Records to process

=======

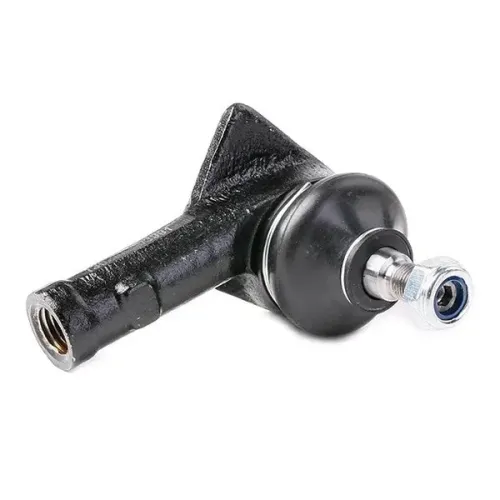 Spurstangenkopf Vorderachse links außen RIDEX 914T0368 Bild Spurstangenkopf Vorderachse links außen RIDEX 914T0368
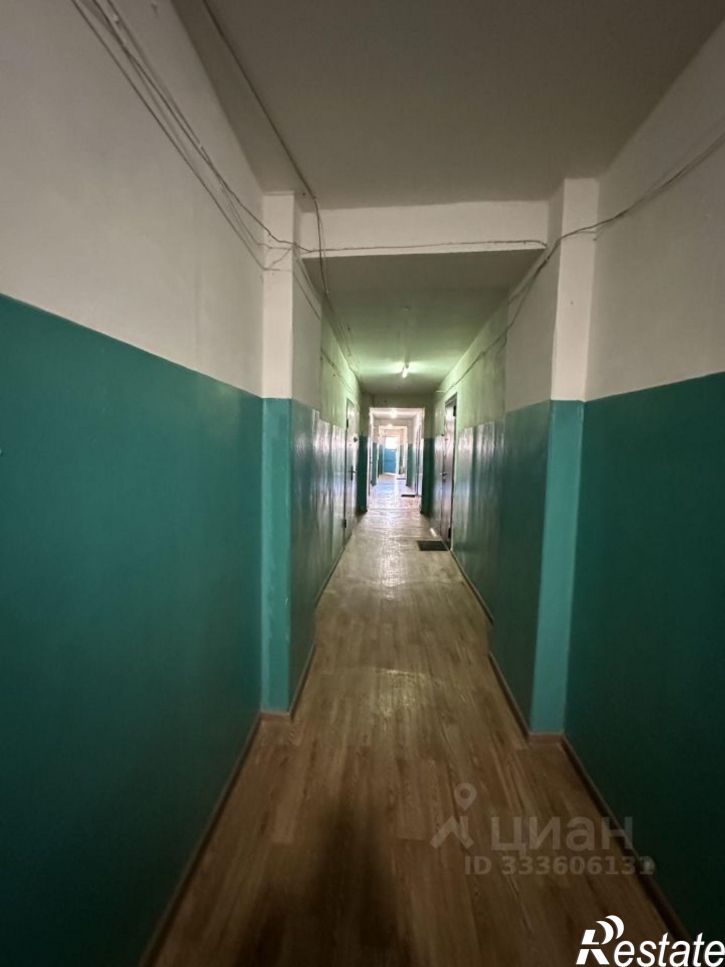 1-комн квартира улица Рудольфа Удриса, 3,  д. 3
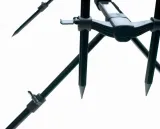 stanowisko-konger-carp-hunter-waga-z-opakowaniem-3-kg-kod-producenta-700004111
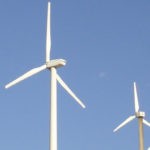 Pays-Haut Lorraine : Vers un modèle éolien éco-citoyen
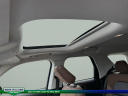 Thumbnail image of 2022 Ford Bronco Sport at PeeblesChryslerDodgeJeepRam NEW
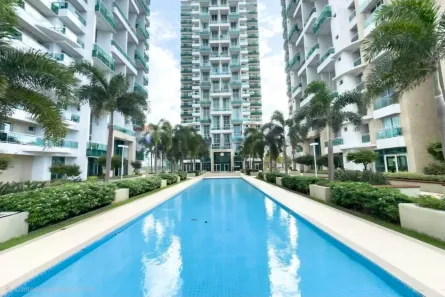 Apartamento com 3 Quartos à venda, 124m² no Fátima, Fortaleza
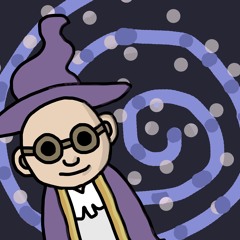 Trory Wizard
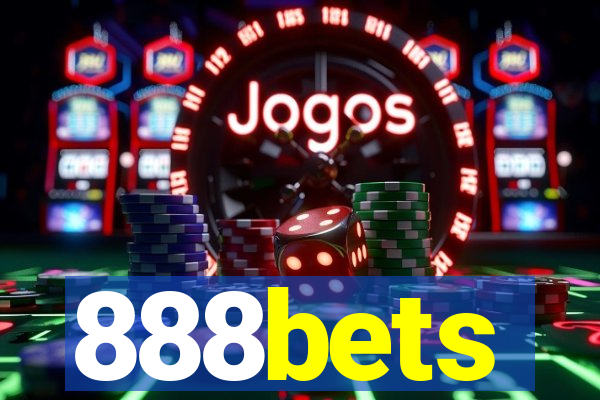 888bets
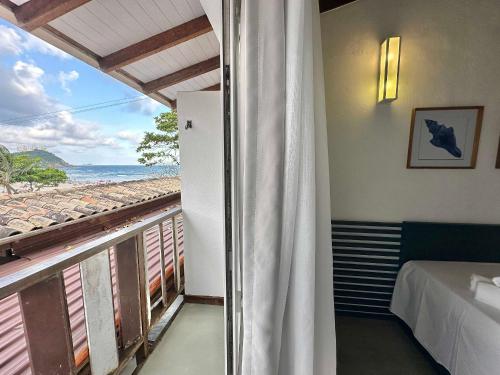 Superior Suite with Sea View - Photo 4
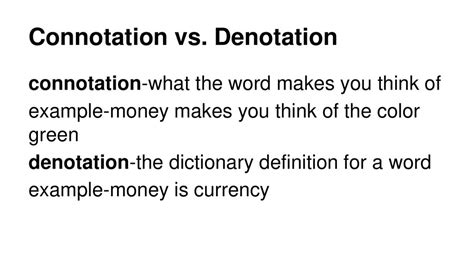 Decoding the Symbolic Connotations of Wet versus Dry Money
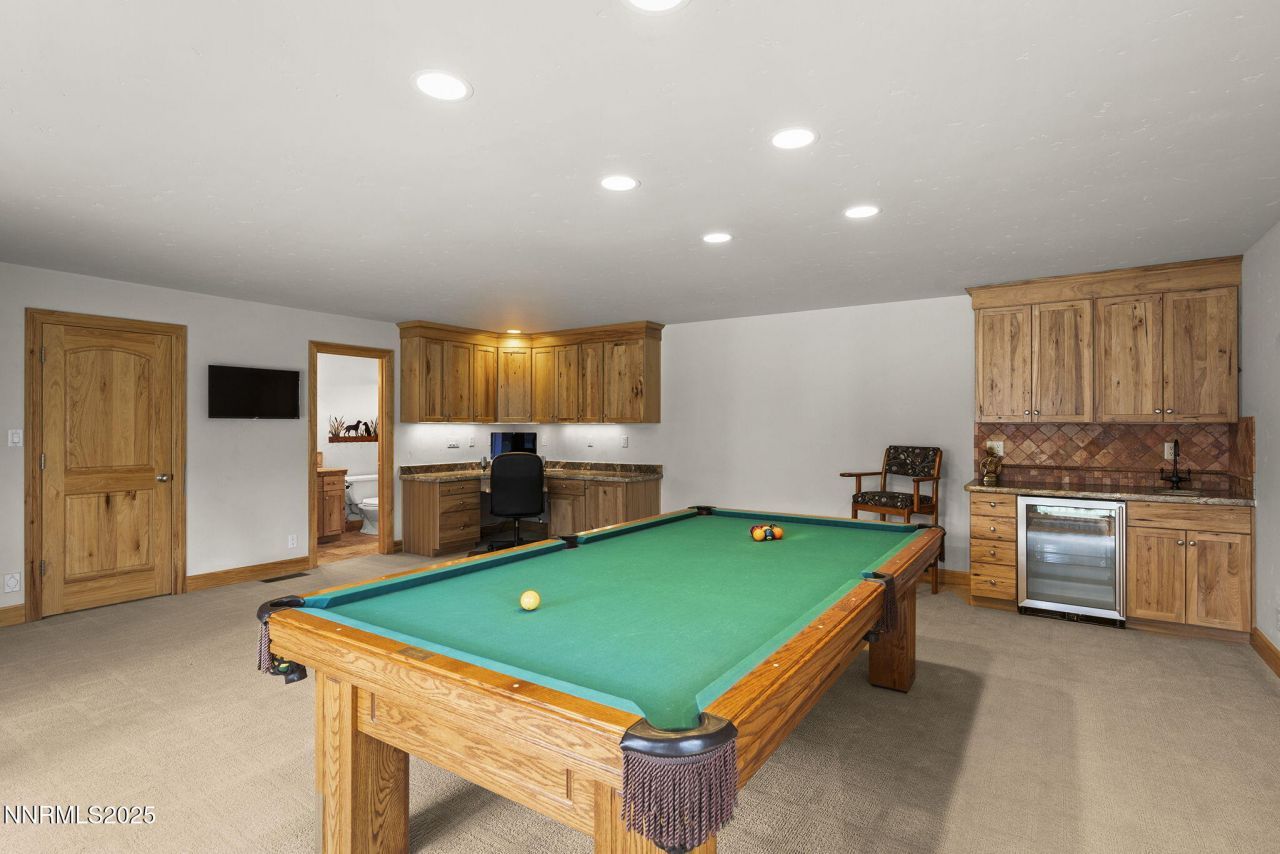 2270 Applewood Court, Reno, NV 89509 Photo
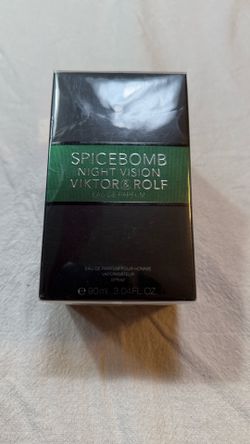 men’s cologne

=======

Exercise
Once the line containing "1-комн квартира улица" is found, copy it and each line after it through the end of the entries above exactly; nothing else, and no pictures.

Result of this exercise
 1-комн квартира улица Рудольфа Удриса, 3,  д. 3
 stanowisko-konger-carp-hunter-waga-z-opakowaniem-3-kg-kod-producenta-700004111
 Pays-Haut Lorraine : Vers un modèle éolien éco-citoyen
 Thumbnail image of 2022 Ford Bronco Sport at PeeblesChryslerDodgeJeepRam NEW
 Apartamento com 3 Quartos à venda, 124m² no Fátima, Fortaleza
 Trory Wizard
 888bets
 Superior Suite with Sea View - Photo 4
 Decoding the Symbolic Connotations of Wet versus Dry Money
 2270 Applewood Court, Reno, NV 89509 Photo
 men’s cologne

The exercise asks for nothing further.